Risk: If there are too many features, and there are cost-cutters above you, they may view it as a “feature tax”, not something you’ll grow into, and want to cut what they consider bloated software and its costs (without much consideration for the time costs of change management, which are plenty.)
Identify the need to have vs. nice to have features
Benefit: This helps remedy for the above challenge. If your team needs time trackers for client work, the ability for non-users to view (such as legal reviewing your email), or an intake form to standardize requests, make note of the must-have features. G2Crowd, Capterra, and recommendations from industry peers to identify solutions are a great place to start.

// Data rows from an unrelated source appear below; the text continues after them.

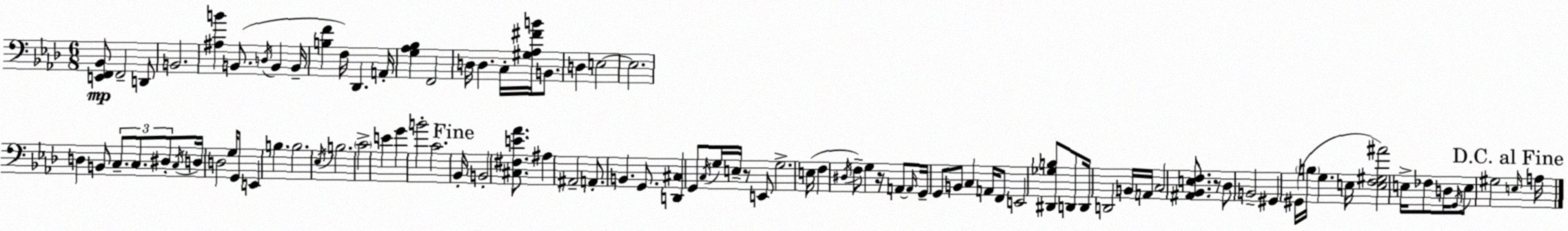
X:1
T:Untitled
M:6/8
L:1/4
K:Fm
[E,,F,,_B,,]/2 F,,2 D,,/2 B,,2 [^A,B] B,,/2 D,/4 B,, B,,/4 [B,F] F,/4 _D,, A,,/4 [G,_A,_B,] F,,2 D,/4 D, C,/4 [^G,_A,^FB]/4 B,,/2 D, E,2 E,2 D, B,,/2 C,/2 C,/2 ^D,/2 C,/4 D,/4 D,2 G,/4 G,,/2 E,, B, B,2 _E,/4 B,2 C2 E G B2 C2 _B,,/4 B,,2 [^C,^F,E_A]/2 ^A, ^A,,2 A,,/2 B,, G,,/2 [D,,^C,] G,,/2 C,/4 G,/4 E,/4 z/2 E,,/2 G,2 E,/4 F, ^D,/4 F,/2 G, z/4 A,,/2 A,,/4 G,,/4 G,,/2 B,,/2 C, A,,/4 F,,/2 E,,2 [^D,,_G,B,]/2 D,,/2 D,,/4 D,,2 B,,/4 A,,/4 C,2 [^A,,_B,,E,F,]/2 z/2 _D,/2 B,,2 ^G,, ^G,,/4 B,/4 G, E,/4 [E,F,^G,^A]2 E,/4 _F,/2 D,/4 G,,/4 E,/2 ^G,2 E,/4 A,/4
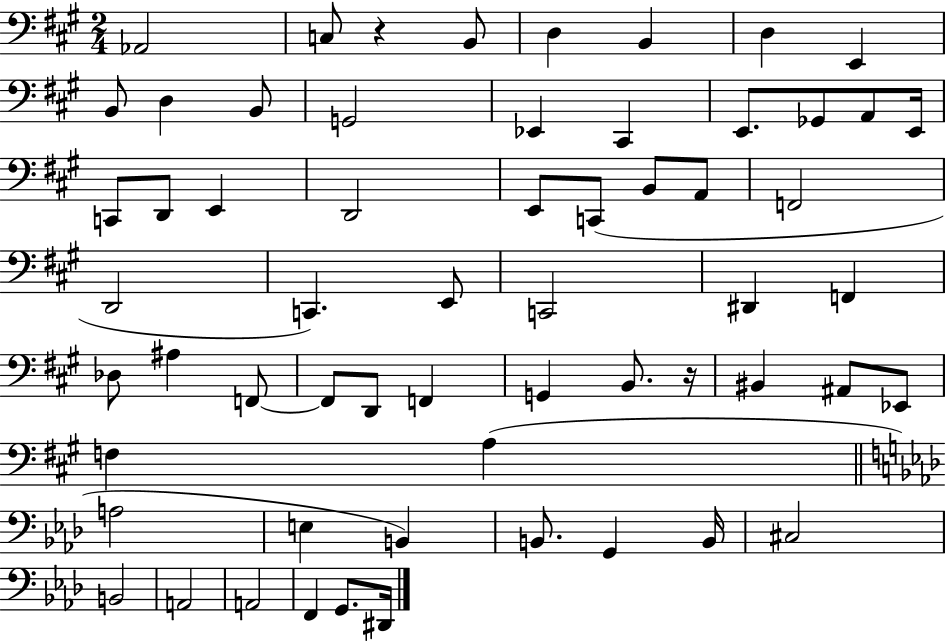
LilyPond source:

{
  \clef bass
  \numericTimeSignature
  \time 2/4
  \key a \major
  aes,2 | c8 r4 b,8 | d4 b,4 | d4 e,4 | \break b,8 d4 b,8 | g,2 | ees,4 cis,4 | e,8. ges,8 a,8 e,16 | \break c,8 d,8 e,4 | d,2 | e,8 c,8( b,8 a,8 | f,2 | \break d,2 | c,4.) e,8 | c,2 | dis,4 f,4 | \break des8 ais4 f,8~~ | f,8 d,8 f,4 | g,4 b,8. r16 | bis,4 ais,8 ees,8 | \break f4 a4( | \bar "||" \break \key f \minor a2 | e4 b,4) | b,8. g,4 b,16 | cis2 | \break b,2 | a,2 | a,2 | f,4 g,8. dis,16 | \break \bar "|."
}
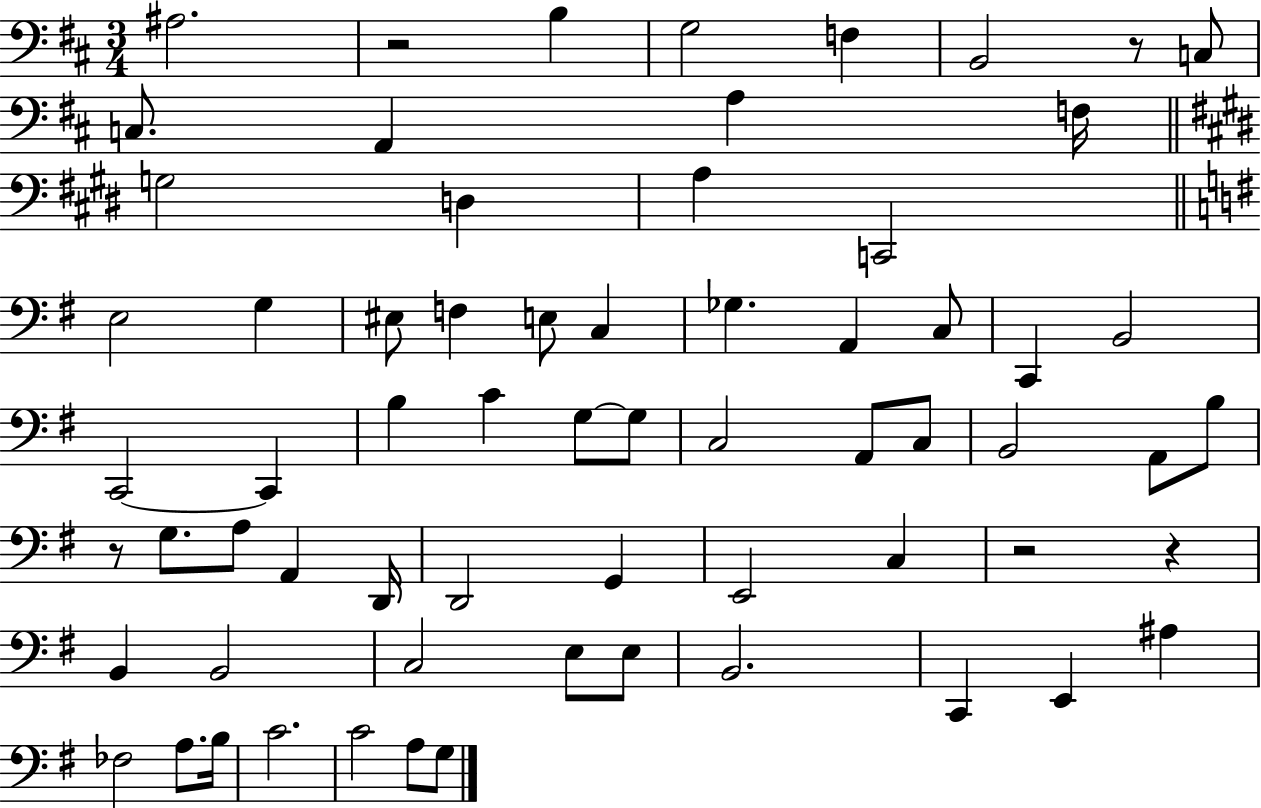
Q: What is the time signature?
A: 3/4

Risk: Skipping this step would leave you with an under-resourced solution, a bloated product prime for cost-cutting evaluations, or something the team finds difficult to use.
4. Documentation
Standardize what you expect your team to do so they can follow instructions and build new habits.
Outline task requirements
Benefit: An instruction guide with what details to include for each type of ask (banner ads might need dimensions, emails might need copy limits) as well as timelines will help your team get the info they need from each other at the start, plus set expectations on how much time to allocate per deliverable.
The risk: Without this written down, it turns into a game of telephone and a lot of transactive knowledge can go missing if someone leaves the company (or just takes a day of work off.)
Implement intake forms
Benefit: These forms often have conditional fields based on the task requested. Using the same example as above, if someone selects “paid ads” as the asset they’re requesting from design, a field might pop up to enter “dimensions.” However, if they choose email, they’ll instead see a text box to enter their proposed copy, with the suggestion it be shorter than 200 words.
Risk: Humans have better things to think about than what dimensions their designer is going to need, so why not help them avoid that awkward follow-up a few days later when their colleague finally answers their incomplete request? Forms help minimize those oversights.
At the retrospective, dedicate at last 25% of the time towards feedback. Write it down in a shared document.
Benefit: Everyone feels heard, knows if their request was already said, and can put some of the suggestions in motion during the next sprint.
Risk: Without feedback loops, it defeats one of the tenets of agile to encourage team participation and involvement. Your Slack and email will also be much more crowded with suggestions and questions from colleagues when they face uncertainty with the change.
With these tools, you’re better equipped to create successful change management and not repeat my mistakes.
Ready for the confession?
I worked on a team that changed systems 3X within 2 years. We struggled with leadership buy in outside of our immediate team and less than a year into implementing the tool the team had become proficient in, it was cut for budgeting.
Not only did the marketing group have to learn a new process all over again, now with an inferior system, so did the legal department. Changes in cross-functional teams have ripple effects through other departments. Agile can help measure costs of switching when you know how long it took to adopt one system.